Although you can choose to use either the Google Cloud console or the gcloud CLI to manage Knative serving, there are some tasks that require the gcloud CLI.

To set up the gcloud and kubectl command-line tools for Knative serving:

  1. Install and initialize the Google Cloud CLI.

  2. Set the default project setting for gcloud CLI to the one you just created, or to an existing project you want to use:

    gcloud config set project PROJECT-ID

    Replace PROJECT-ID with the project ID of the project you created.
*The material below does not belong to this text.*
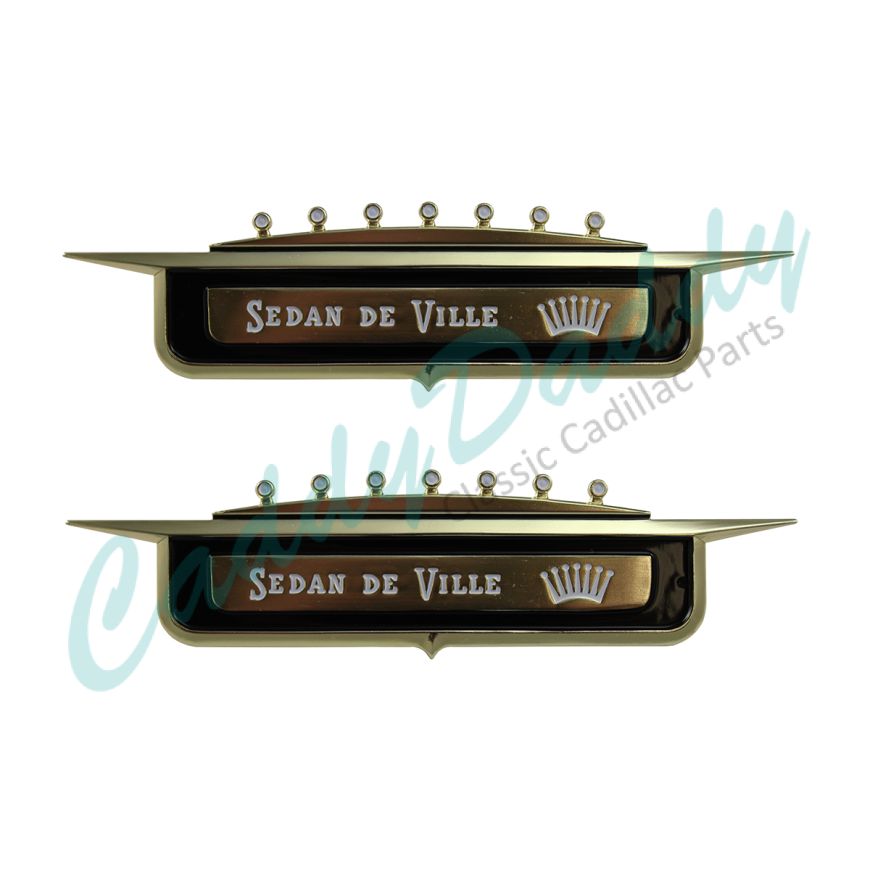 1958 Cadillac Sedan Deville Front Fender Emblems 1 Pair REPRODUCTION Free Shipping In The USA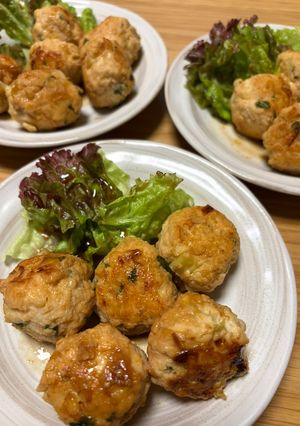 ヘルシー♪おからパウダー・えのき入り鶏団子-レシピのメイン写真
  3. Set zone to the desired zone for your cluster. You can use any zone where GKE is supported. For example:

    gcloud config set compute/zone ZONE

    Replace ZONE with your zone.

  4. Enable the following APIs for the project, which are necessary to create a cluster, build a container, and publish a container into the Google Kubernetes Engine registry:

    gcloud services enable container.googleapis.com containerregistry.googleapis.com cloudbuild.googleapis.com
  5. Install the kubectl command-line tool:

    gcloud components install kubectl
  6. Update installed gcloud CLI components:

    gcloud components update

Enabling Knative serving

Knative serving runs on a GKE cluster. You can enable Knative serving on an existing cluster, or you can create a new cluster with Knative serving enabled.
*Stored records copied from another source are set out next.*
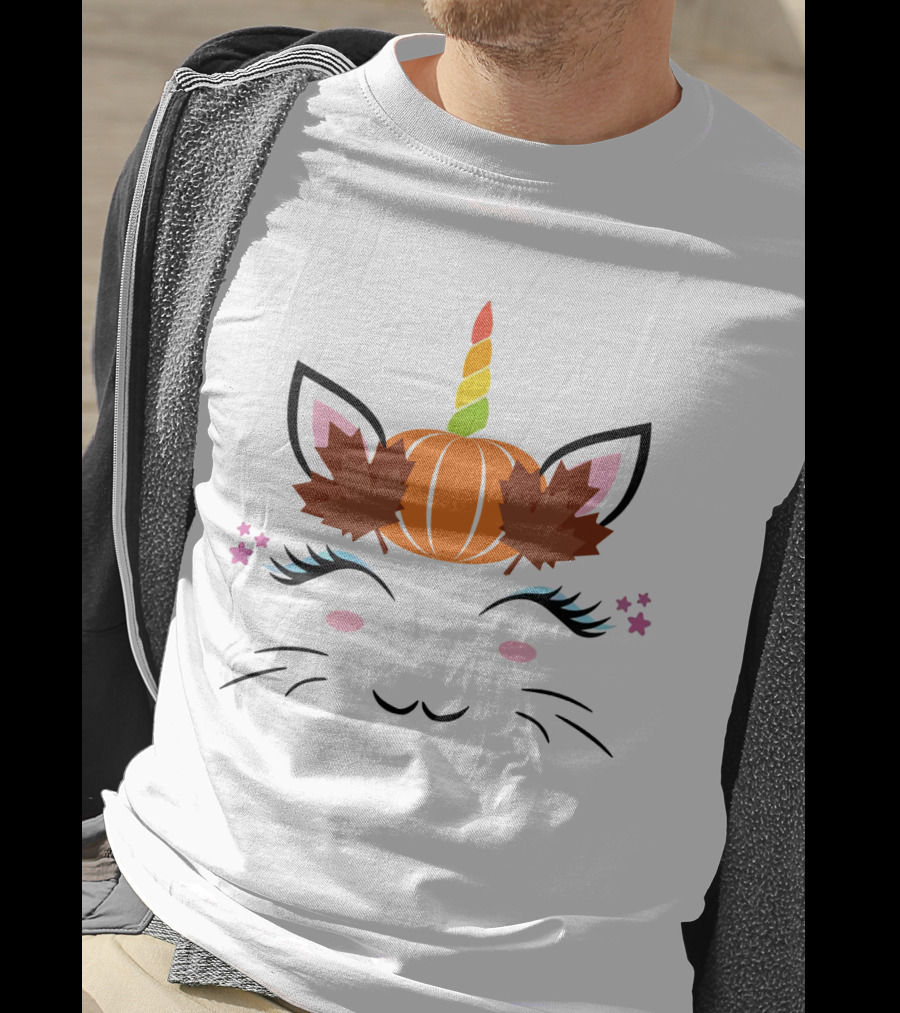 Caticorn Pumpkin Halloween Cat Unicorn Lover Fall Leaves T-Shirt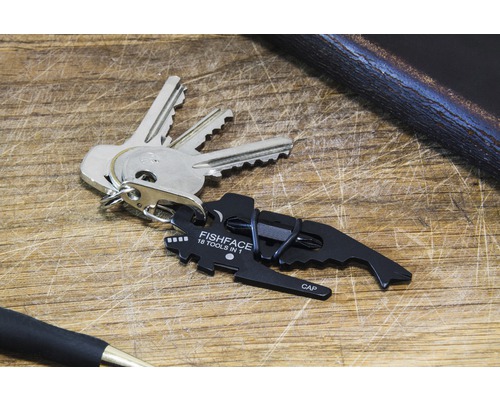 Fischgesicht 18-in-1-Multitool am Schlüsselbund mit Schlüsseln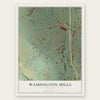 Washington Mills, New York map print, the full design
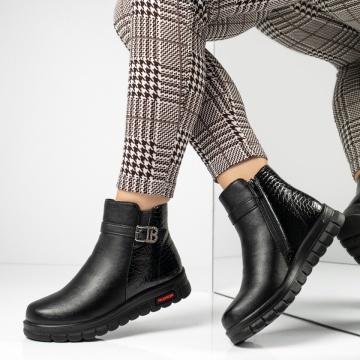 Ghete dama cu talpa groasa negre MOD14107, 3, modlet.ro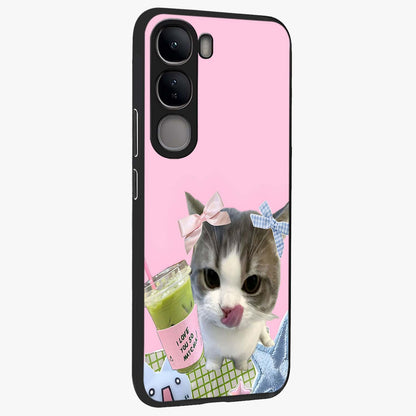 Love Matcha Cat Glass Case upright view showcasing adorable cat artwork with charming matcha themed design.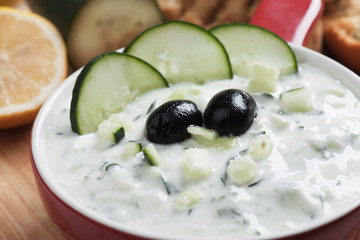 Tzatziki or cacik, cucumber and yogurt salad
Choose how you want to set up Knative serving:

Knative serving can also be enabled on private GKE clusters. For information on how to create a private GKE cluster, see Creating a private cluster in the GKE documentation.

Creating a new GKE cluster with Knative serving enabled

These instructions create a cluster with the following configurations:

  • Knative serving enabled
  • Kubernetes version: available GKE versions
  • 4 nodes with 4 vCPU
  • Default namespace: default

These are the recommended cluster configurations for testing Knative serving. For production workloads, you should configure your GKE cluster to meet your specific needs. For information about the different kinds of GKE clusters and their configuration options, see Types of clusters in the GKE documentation.
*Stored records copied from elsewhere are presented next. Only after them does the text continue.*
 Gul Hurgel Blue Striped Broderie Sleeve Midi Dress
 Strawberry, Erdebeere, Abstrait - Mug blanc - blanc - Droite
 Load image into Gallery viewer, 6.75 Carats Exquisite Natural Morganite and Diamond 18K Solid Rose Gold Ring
To create a cluster and enable Knative serving:

  1. Create a cluster:

    gcloud container clusters create CLUSTER-NAME \
    --zone=ZONE \
    --addons=HttpLoadBalancing,CloudRun \
    --machine-type=e2-standard-4 \
    --num-nodes=4 \
    --cluster-version=GKE-VERSION \
    --enable-stackdriver-kubernetes

    Cluster autoscaling is not enabled by default, although Knative serving automatically scales the number of instances within your cluster based on available capacity.

  2. Wait for the cluster creation to complete.

Enabling Knative serving on an existing cluster

Your GKE cluster must have the following minimum configuration:

You can use either the gcloud CLI or the Google Cloud console to enable Knative serving on a cluster:

Console

To enable Knative serving on an existing cluster:

  1. Go to the Google Kubernetes Engine page in the Google Cloud console:

    Go to Google Kubernetes Engine

  2. Click the name of the cluster you want to enable Knative serving on.

  3. Click Edit.

  4. Click Enable Knative serving.

  5. Click Save. After the update completes, the cluster will support Knative serving.

Command line

To enable Knative serving on an existing cluster:

  1. Enable the cluster using the following command:

    gcloud container clusters update \
    CLUSTER_NAME \
    --update-addons=CloudRun=ENABLED,HttpLoadBalancing=ENABLED \
    --zone=ZONE

    Replace the following:

    • CLUSTER_NAME: The cluster's name.
    • ZONE: The cluster's zone. For example, us-central1-a.
  2. Wait for enabling to complete. Upon success, the command line returns a message similar to the following:

    Updating your-cluster-name...done.

Configuring default settings for the gcloud CLI

After you create the cluster, you can set default values for the Google Cloud CLI to use. When you use the command line, this removes subsequent prompts for any defaults that you set, for example cluster name or location.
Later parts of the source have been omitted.